Während die Demokraten ein abgespecktes Programm mit Auftritten von Biden, Obama und Co. planen, hadert und zetert der Präsident mit dem demokratischen Gouverneur von North Carolina. Der republikanische Parteikonvent geht eine Woche nach dem der Demokraten in Charlotte über die Bühne, wo Obama 2012 ins Rennen um seine zweite Amtszeit gestartet war. In der Finanzmetropole sind viele Bewohner alles andere als „happy“, dass bis zu 50.000 Menschen vor Schulbeginn Ende August in ihre Stadt strömen werden. Delegierte, Anhänger, Journalisten und das übliche Fußvolk spülen zwar Millionen Dollar in die Kassen, sind aber auch potenzielle Infektionsherde.
Biden braucht emotionale Nähe, Trump saugt die Wahlkampfatmosphäre auf.
In der tiefsten Rezession seit 1945 steht die Kernkompetenz des Präsidenten auf der Probe.

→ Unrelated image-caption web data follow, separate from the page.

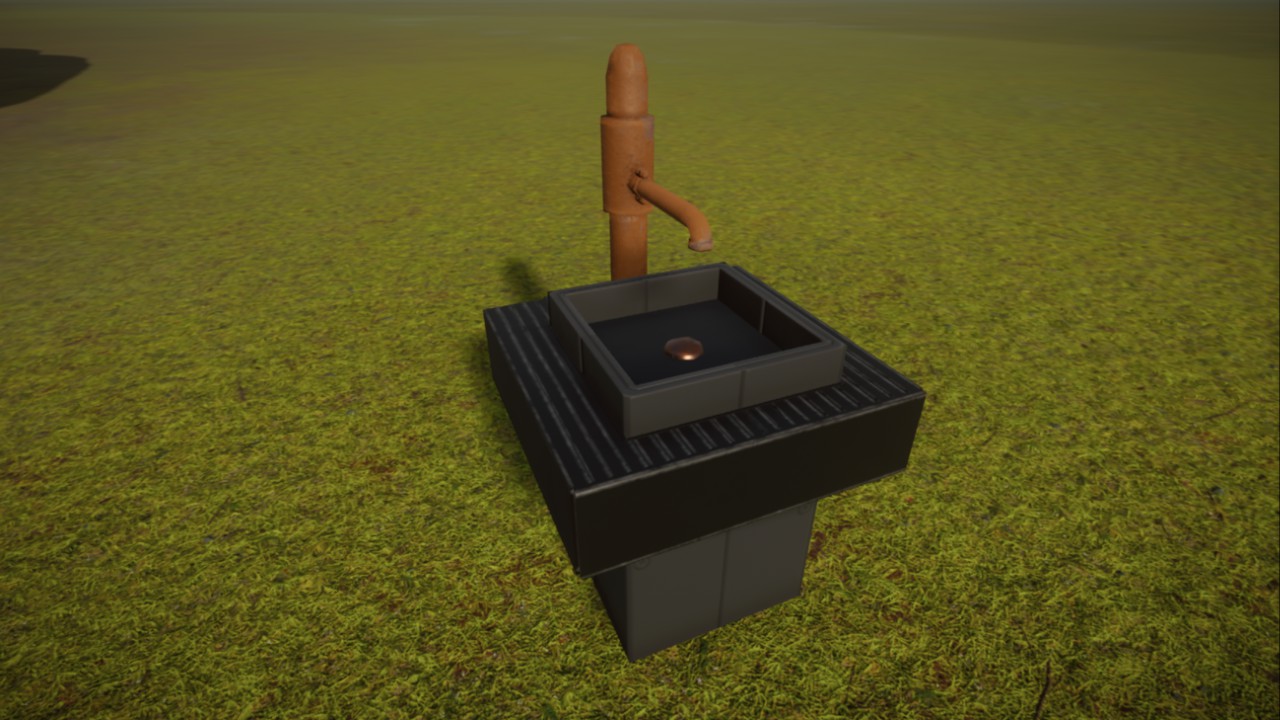 Modern Sink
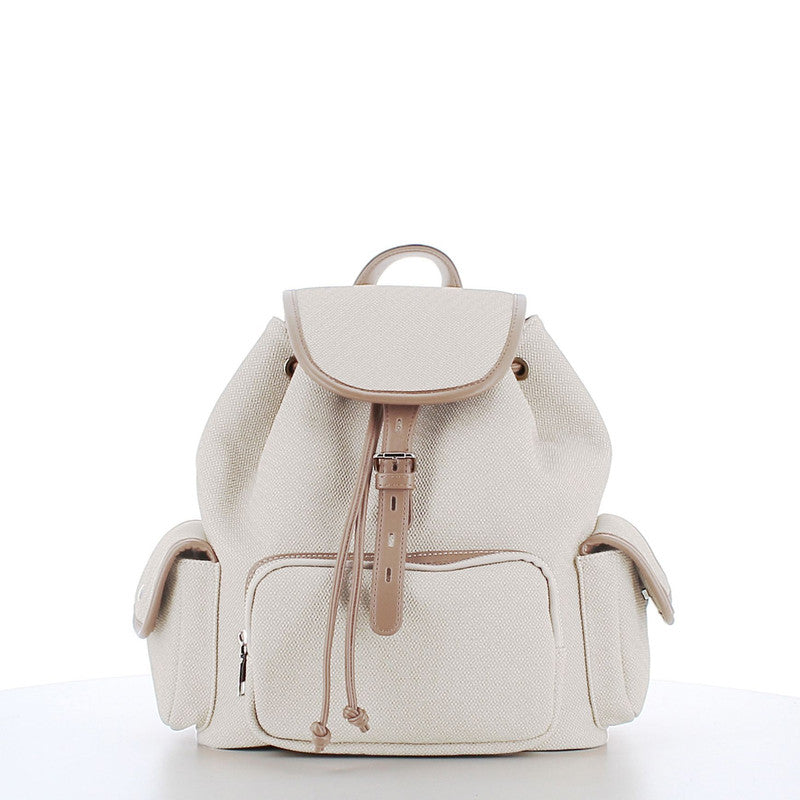 Backpack M Bag #1 - OFF WHITE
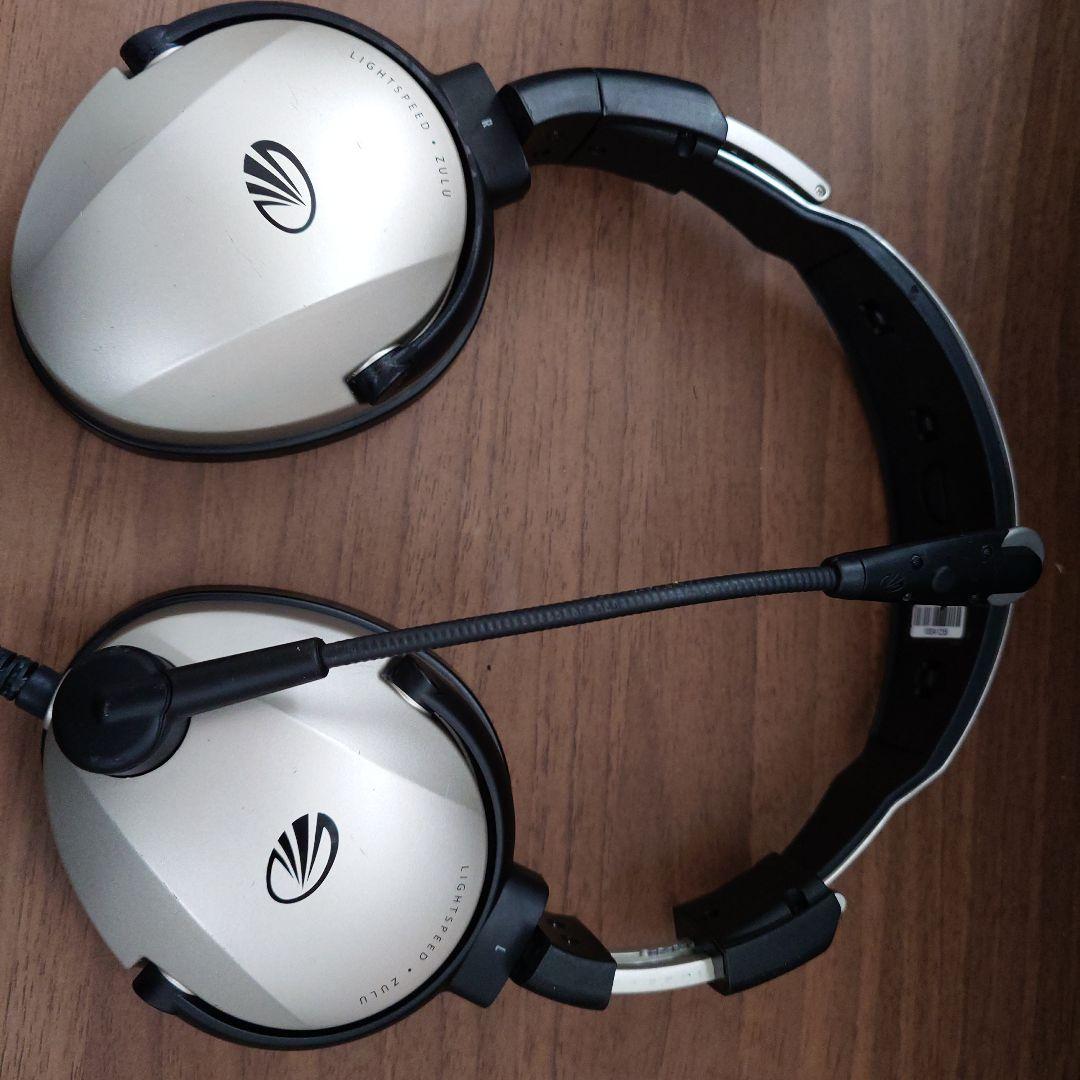 航空機・ヘリコプター Lightspeed zulu Aviation Headset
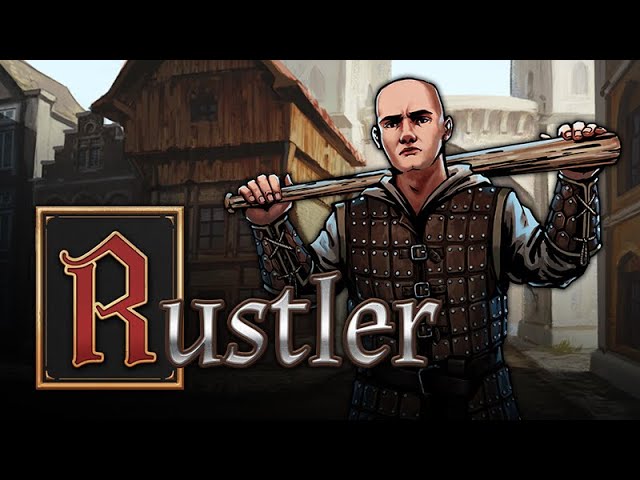 Rustler – wypróbuj średniowieczne GTA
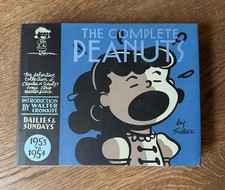 *EXC* THE COMPLETE PEANUTS by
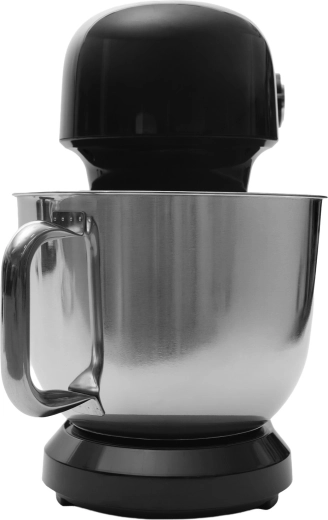 Bol din inox de 5 l cu mâner pentru manipulare comodă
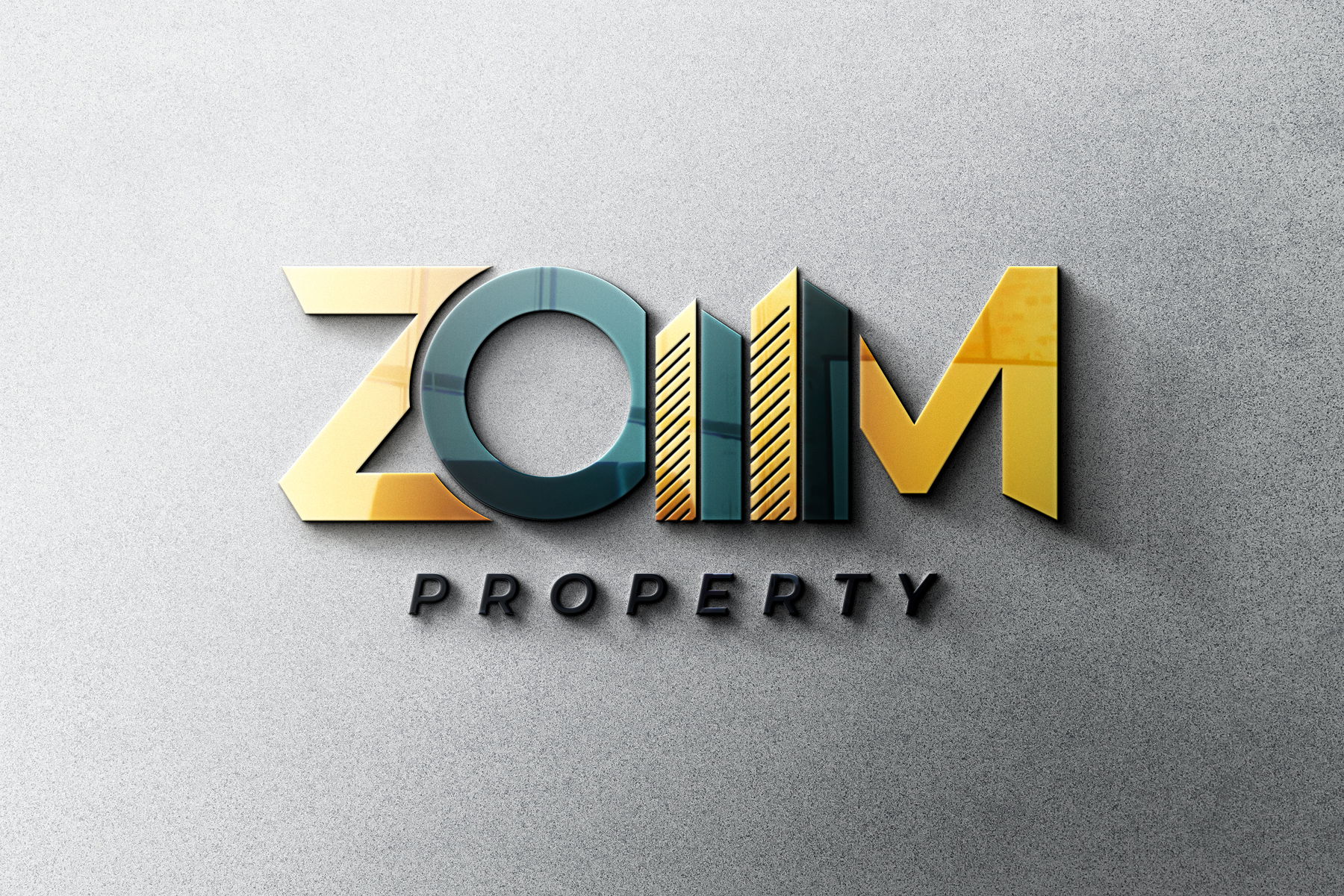 Visual identity works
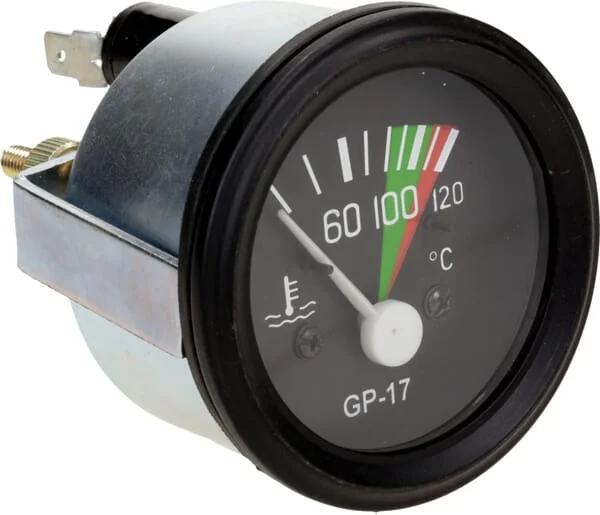 Gopart - 89352927N - Wassertemperaturanzeige C-385, Zetor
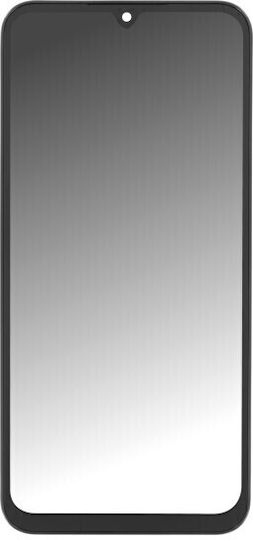 Οθόνη OLED με Μηχανισμό Αφής και Πλαίσιο για Samsung SM-A245 Galaxy A24 (Μαύρο)
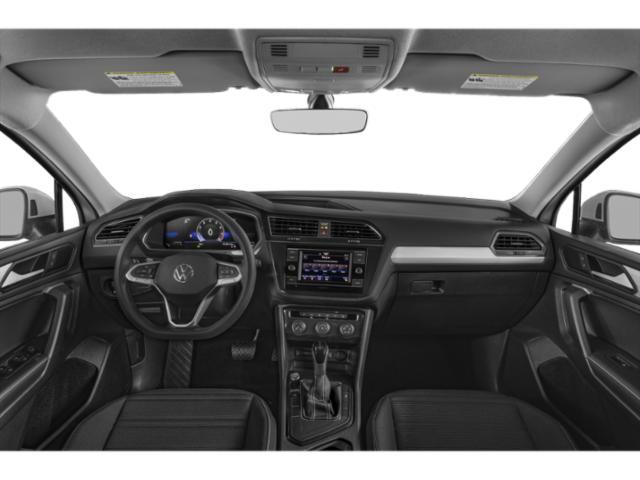 used 2023 Volkswagen Tiguan car, priced at $23,705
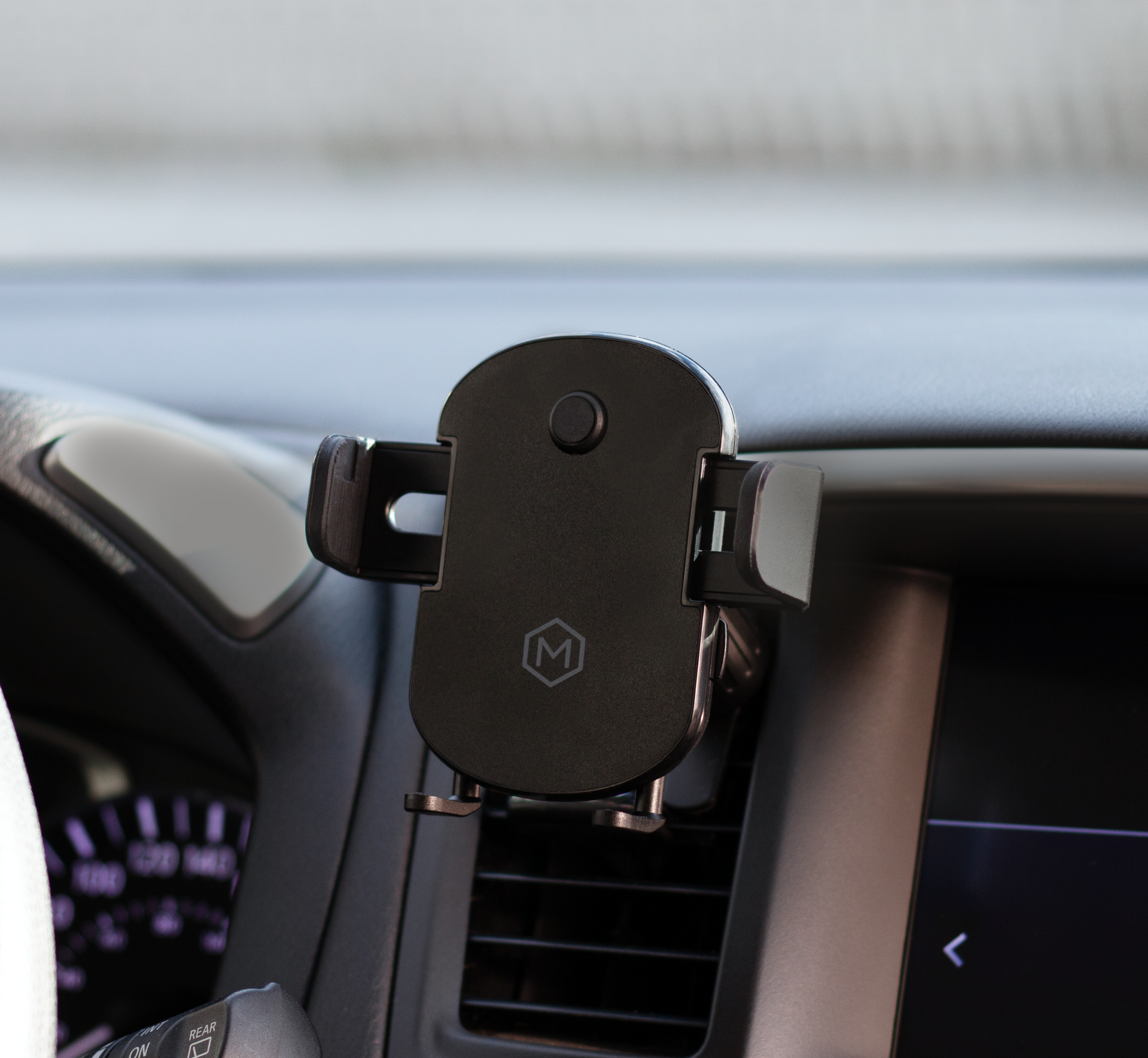 Grip Cradle Vent & Dash Car Mount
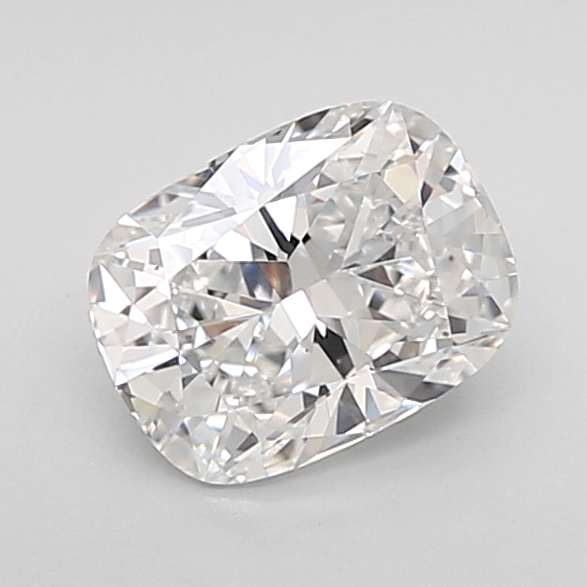 1 Ct Cushion Lab-Grown Diamond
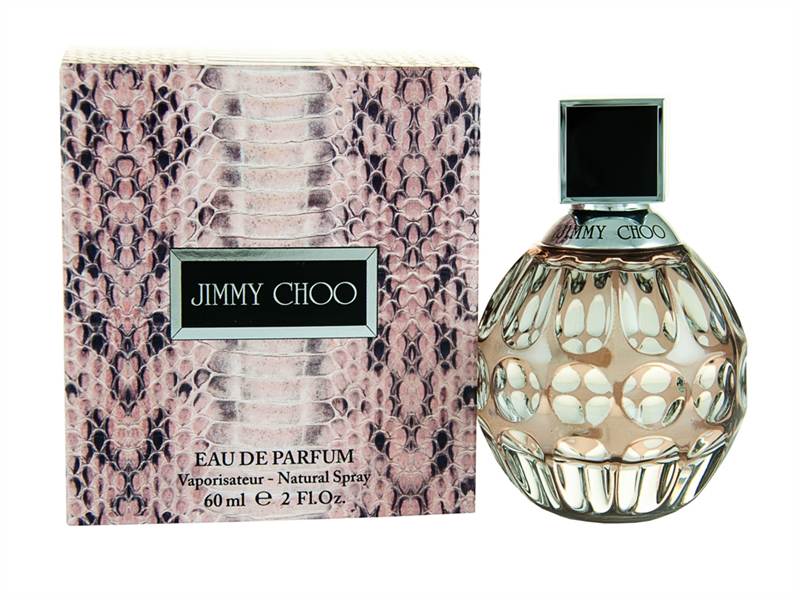 Jimmy Choo Womens Eau de Parfum 60ml Spray For Her - NA - One Size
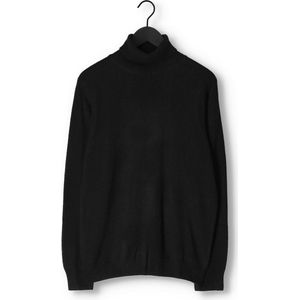 Anerkjendt - Truien - Heren - Zwart - Wol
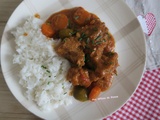 Sauté de veau aux carottes et porto, avec m. Cuisine ou pas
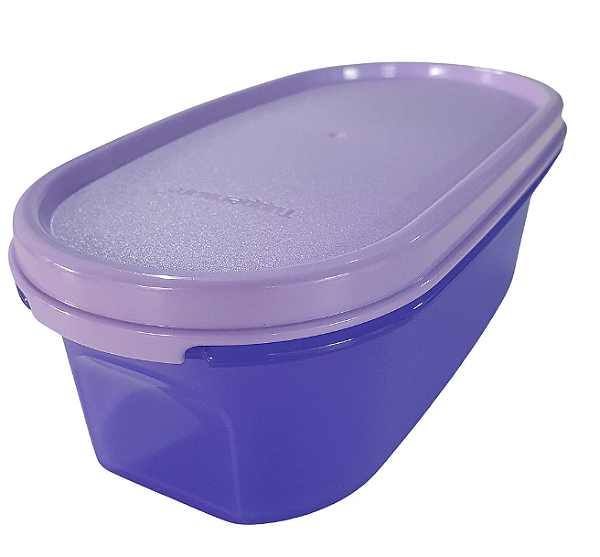 Tupperware® Modular Oval 1 Lilás - 500ml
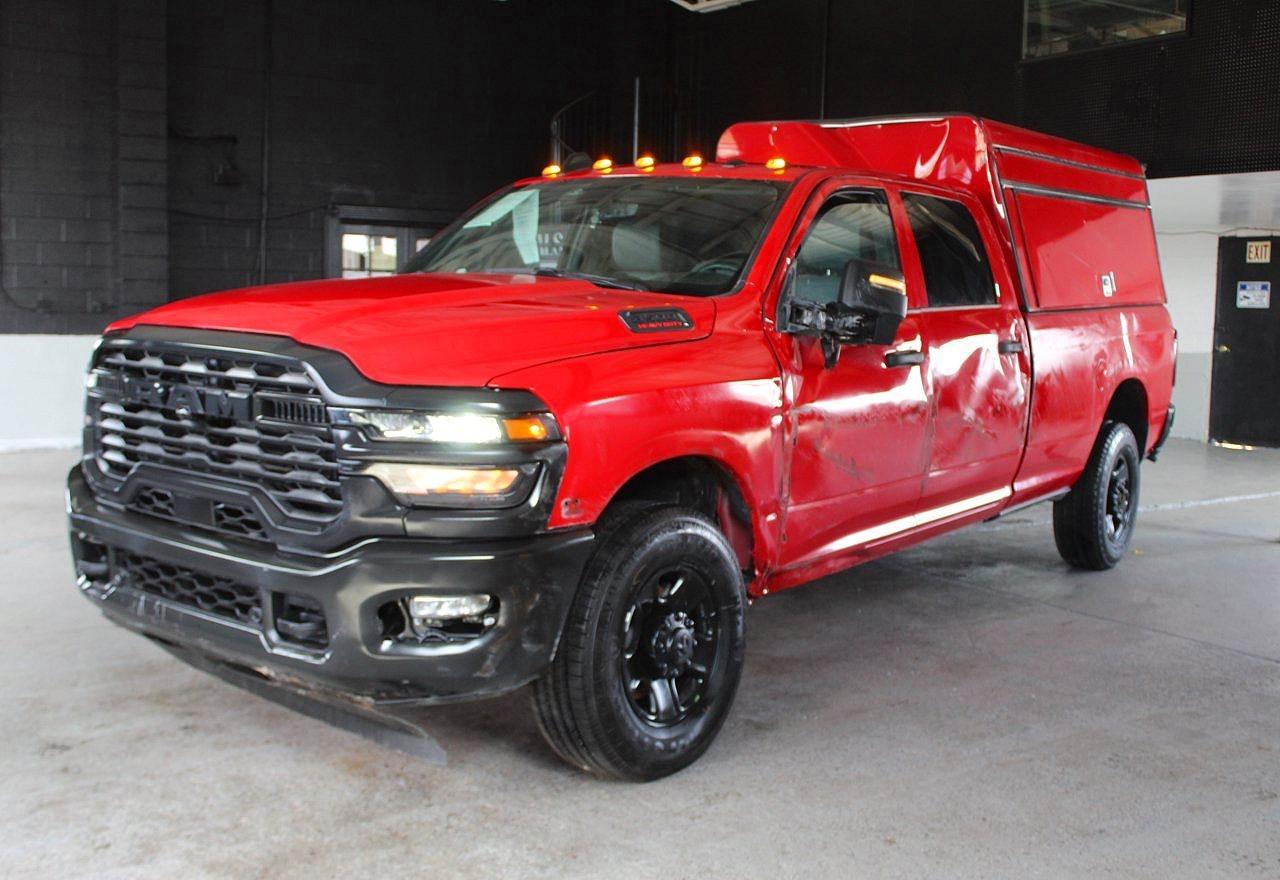2026 Ram 3500 Tradesman - Image 2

Heimspiel in Florida? Donald Trump stellte dem Gouverneur ein Ultimatum zu den Hygieneregeln und droht mit Verlegung des Parteikonvents. Aus den republikanisch dominierten Bundesstaaten Texas und Florida kamen bereits Angebote, die Trump-Show auszurichten. Der „Sunshine State“Florida hätte für den Präsidenten einen besonderen Reiz. Es ist ein „Must-win-state“, um die Mehrheit der Wahlmänner zu erlangen. Neuerdings ist es auch sein Heimstaat, seit er seinen Hauptwohnsitz vom feindseligen New York ins sonnige Millionärsghetto Palm Beach in Florida – Sitz seines exklusiven Klubs Mar-a-Lago – verlegt hat.